Nein, auch wenn ALIENO DA von einer apokalyptischen Atmosphäre lebt, die schon ein Stückchen entfernt ist vom juvenilen Irrsinn DIMENSIONIs, ist natürlich auch dieses Werk weder etwas, das sich irgendwer als Unterhaltungskost anschauen wollen dürfte, noch etwas, bei dem unterhalb der verbissenen Verweigerungshaltung genügend Ansätze aufscheinen würden, die es mir lohnend erscheinen lassen, da noch tiefer in die Exegese einzutauchen. Bestimmt hat Regisseur, Drehbuchautor, Editor Bido sich viel bei diesem Projekt gedacht, nur erreicht mich davon wenig, - was an kulturellen Barrieren, an zeitlichen Abständen, an meinem fehlenden Intellekt liegen kann, oder aber daran, dass beispielweise in der Szene, wenn die Revoluzzer auf die Jesus-Figur einreden, deren Deklamationen nur verfremdet wiedergegeben werden, sodass man kaum etwas von dem versteht, was ihre Stimmbänder verlässt. Für italienisches Gegenkultur-Kino der späten 60er, frühen 70er empfehle ich dann doch eher Namen wie Tinto Brass, Romano Scavolini oder Pierfrancesco Barginelli.

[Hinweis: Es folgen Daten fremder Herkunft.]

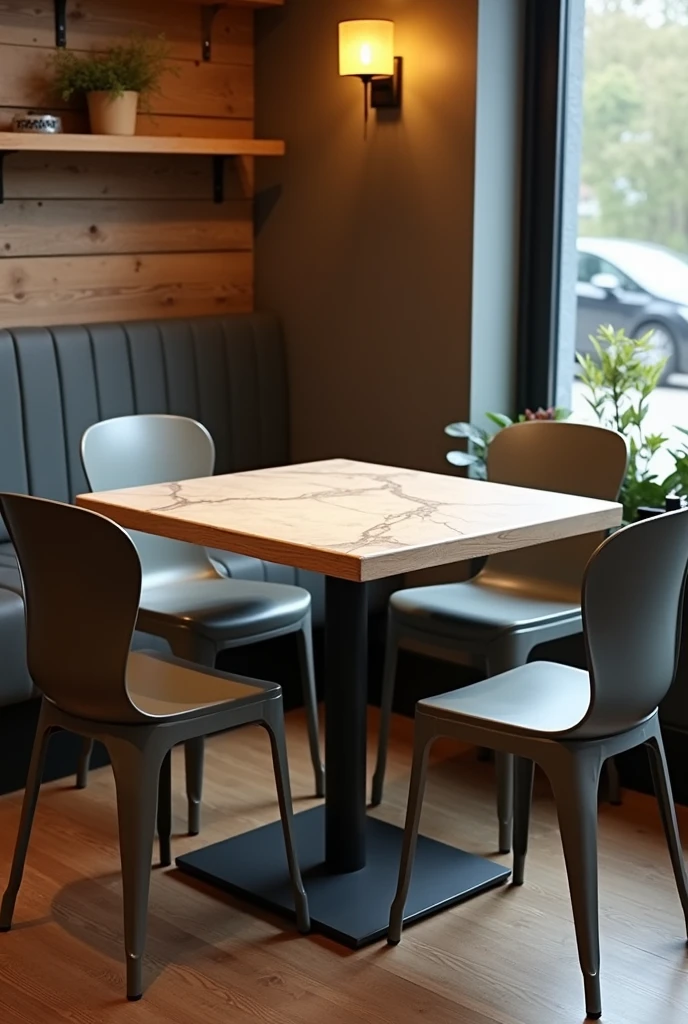 A square wooden restaurant table covered with white marble-colored wallpaper with 4 lead-silver-colored legs and two lead-silver-colored plastic chairs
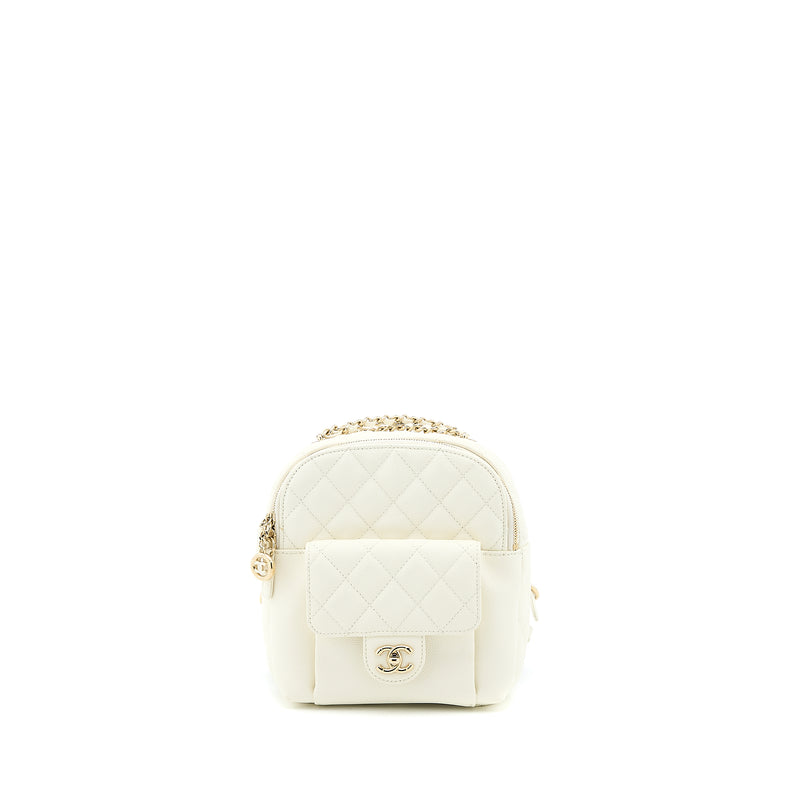 chanel mini cc day backpack Chanel Quilted Mini CC Day Backpack Caviar White LGHW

Interessanterweise haben mich die beiden Kurzfilme, die als „Extras“ auf der mir vorliegenden DVD enthalten sind, weitaus mehr begeistert als die Hauptfilme: Der neunminütige DA RIPRENDERE von 1972 zeigt in einer statischen Einstellung zunächst, wie zwei Frauen einen Spiegel aufstellen, der uns permanent die frontal aufs Glas gerichtete Kamera sehen lässt, dann, wie sich Bido mit einem Plakat vor dem Brustkorb, auf dem „Registra“ steht, vor die Linse schiebt. Im weiteren Verlauf wird die ältere der beiden Frauen Bido als Regieassistentin zur Hand gehen, während die jüngere den Launen und kruden Einfällen, wenn nicht sogar sexuellen Übergriffen des cholerisch agierenden, stellenweise regelrecht derangiert wirkenden Regisseurs ausgeliefert ist: Bido lässt sie schminken, zoomt an ihr Gesicht heran, (unterlegt von Werbe-Jingles); dann färbt er ihr Gesicht mit roter Farbe, zwingt sie, ihren Oberkörper zu entblößen, betatscht ihre Brüste. Am Ende wird DA RIPRENDERE sogar noch zum veritablen Snuff-Film, wenn der Regisseur jedwede Hemmungen verliert und die Frau vor laufender Kamera erdrosselt, um der Kamera abschließend seine rot verschmierten Handflächen zu präsentieren. Das klingt nun wahrlich härter als es inszeniert ist, setzt Bido doch mehr auf groteske Komik, die er vor allem durch Einsatz eines slapstickhaften Zeitraffers und die wechselnde Musikuntermalung erreicht – (als die Frau erdrosselt wird, bleibt die Schallplatte mit dem Popsong, der gerade dudelt, hängen, und wiederholt die immergleiche Sekunde bis die Dame endlich mausetot ist) –, gibt aber doch eine recht hübsche, weil wenig prätentiöse Kritik am etablierten Filmbetrieb irgendwo zwischen Werbung, Glamour, Sex und Gewalt ab, zumal Bido so wirkt, als ob ihm sein Over-Acting vor der eigenen Kamera unbändige Freude bereiten würde.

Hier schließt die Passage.